También hubo espacio para la historia y las nuevas corrientes de terroristas: “En el Cáucaso está comenzando a haber mucha presencia de líderes extremistas”. El especialista aseguró que las células tienen estructuras jerarquizadas donde se distinguen varios perfiles: los clérigos, encargados de adoctrinar a los que van a dar el salto hacia la violencia; los muyahidines dispuestos a perder su vida en el frente de combate; los captadores y los hombres y mujeres —estas últimas, casi todas segundas generaciones de inmigrantes musulmanes— dispuestos a realizar cualquier labor para que el Estado Islámico acabe ganando “la guerra”.
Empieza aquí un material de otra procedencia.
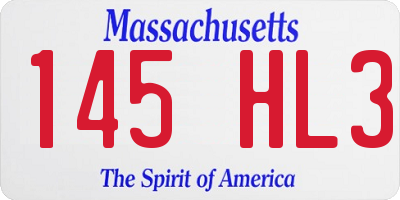 MA license plate 145HL3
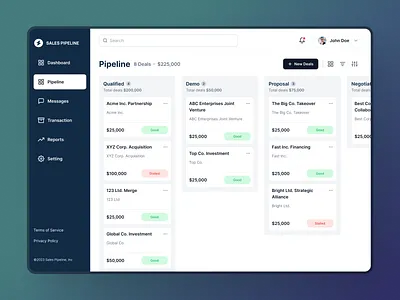 Sales Pipeline Dashboard app black clean concept dark dashboard deal design pipeline process product design sales simple ui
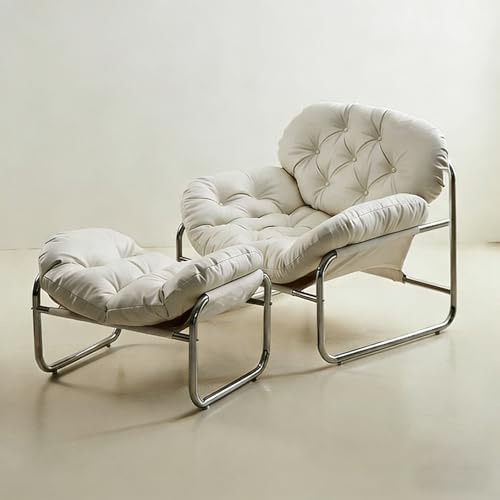 Upholstered Leather Single Sofa with Ottoman, Stylish Lazy Chair for Living Room, Bedroom & Dorm, Durable Metal Legs, Comfort & Modern Design (Without Footstool, C)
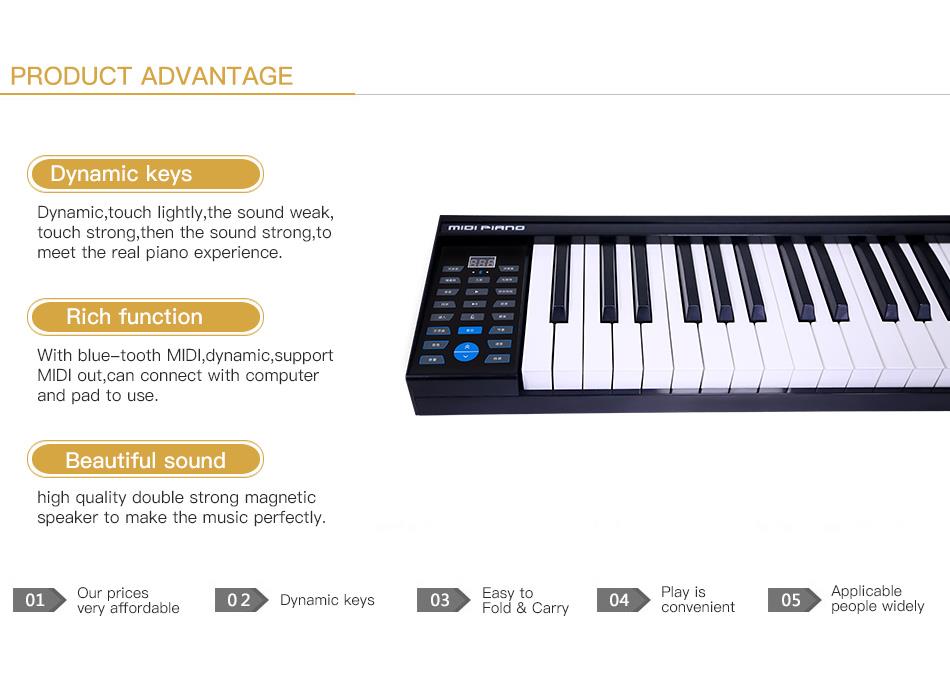88 Key Electronic Keyboard upright Digital Piano with speaker and bluetooth for beginner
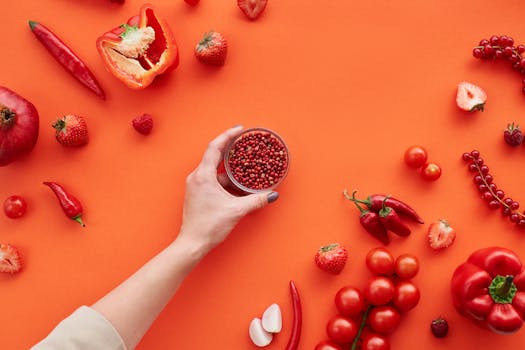 colorful assortment of organic fruits and vegetables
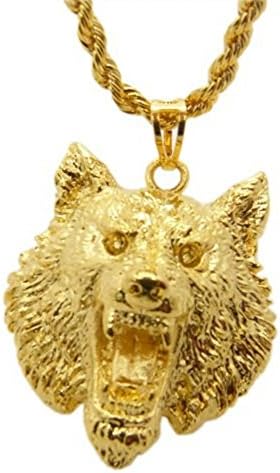 Skyjewelry Wolf Design Solid 24k Yellow Gold Plated Mens Pendant Necklace with Rope Chain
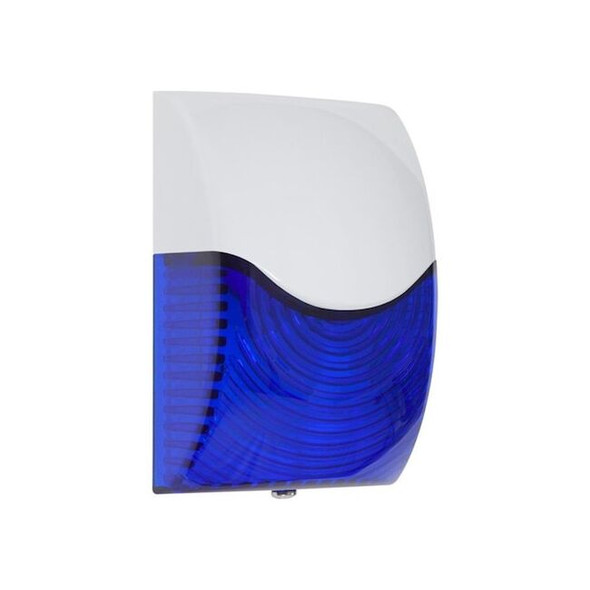 Alert Siren, Horn and Strobe, 12 to 24V DC, 85 to 105 dB, 8 Sound Patterns, Blue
El experto también alertó sobre las películas, “curiosamente occidentales”, que los yihadistas han hecho suyas y realizan lecturas interesadas para sus objetivos. Entre los filmes más sorprendentemente visionados por los extremistas se encuentran Matrix o la trilogía de El Señor de los Anillos. También videojuegos violentos, producciones audiovisuales propias, libros, revistas, aplicaciones para el móvil… En definitiva, el terrorismo clásico ha muerto, dijo el experto, para dar paso a uno mucho más “peligroso que utiliza cualquier herramienta tecnológica a su alcance”.

Los organizadores lamentan que la Administración no forme a los policías

Los consejos para los agentes se basaron en la autoprotección, la discreción, el conocimiento y mucha sangre fría.

Uno de los organizadores, Alex Pérez, vicepresidente de una agrupación de la International Police Association, lamentó que este tipo de cursos no reciban el apoyo de las administraciones públicas. “Nosotros salimos cada día a la calle y no tenemos las herramientas necesarias para combatir este tipo de amenazas contra la ciudadanía; algunos estamos dispuestos a rascarnos el bolsillo para formarnos, autoprotegernos y dar un servicio adecuado a la sociedad”. Pérez también asegura que en muchas ocasiones no se toma en serio las informaciones que pueden proporcionar las policías locales: “Somos los que conocemos los municipios y podemos alertar sobre los cambios de comportamiento y la radicalización de las personas".

Uno de los asistentes al curso volvió a sacar a la luz los mensajes de WhatsApp que circularon entre los cuerpos policiales que trabajan en Cataluña el pasado agosto y en los que se aseguraba que terroristas islámicos pretendían secuestrar a un agente y filmar un vídeo decapitándolo en Cataluña. Nadie se atrevió a decir que aquella amenaza fuera mentira. La perspectiva del especialista es inquietante: “Solo en internet tengo 1.500 perfiles españoles en las redes sociales totalmente radicalizados; tenemos que luchar contra un fenómeno que no se parece a nada de lo que hayamos visto antes".